Setelah menaruh kembali kertas itu ke dalam album dan meletakkannya kembali ke atas meja, kali ini sedikit dipojokkannya ke sudut meja. Lalu duduk disana memandangku lembut lalu meraba pipiku.
"Maafkan aku, Sasuke.." Bisiknya.
Entah setan apa yang merasukiku, yang kurasakan malah begitu senang dan ingin melompat bahagia, justru heran mengapa Itachi malah meminta maaf padaku. Jauh dilubuk hatiku, ternyata aku senang Itachi mencintaiku dari sudut pandang yang berbeda, tanpa pikir panjang, aku langsung memeluk Itachi.
"Sasuke?"
Aku hanya menggeleng pelan di perpotongan lehernya seolah tak ingin membuat Itachi bingung atau takut aku membencinya, aku berharap pelukanku ini cukup memberikan jawaban untuknya bahwa aku tak membencinya bahkan aku bahagia dengan kebenaran yang baru terungkap ini.
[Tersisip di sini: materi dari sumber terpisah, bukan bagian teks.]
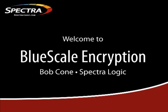Hello and thanks for joining us. I'm Bob Cohn, Product Specialist for SpectraLogic, and today we're going to take a look at SpectraLogic's BlueScale encryption powered by BlueScale 10.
"Aku milikmu, Nii-san.." Hanya itu yang bisa kubisikkan oleh Itachi yang tentu saja Itachi balik memandangku dengan bingung.
Ceritaku dan Itachi dimulai sejak hari itu. Dia kakakku, sekaligus kekasihku. Duniaku adalah keberadaan Itachi, surga ku adalah cinta dari Itachi, dan neraka ku adalah ketiadaan Itachi. Itu saja.
Aku mencintaimu, Kak! Aku dilahirkan untuk membuatmu bahagia!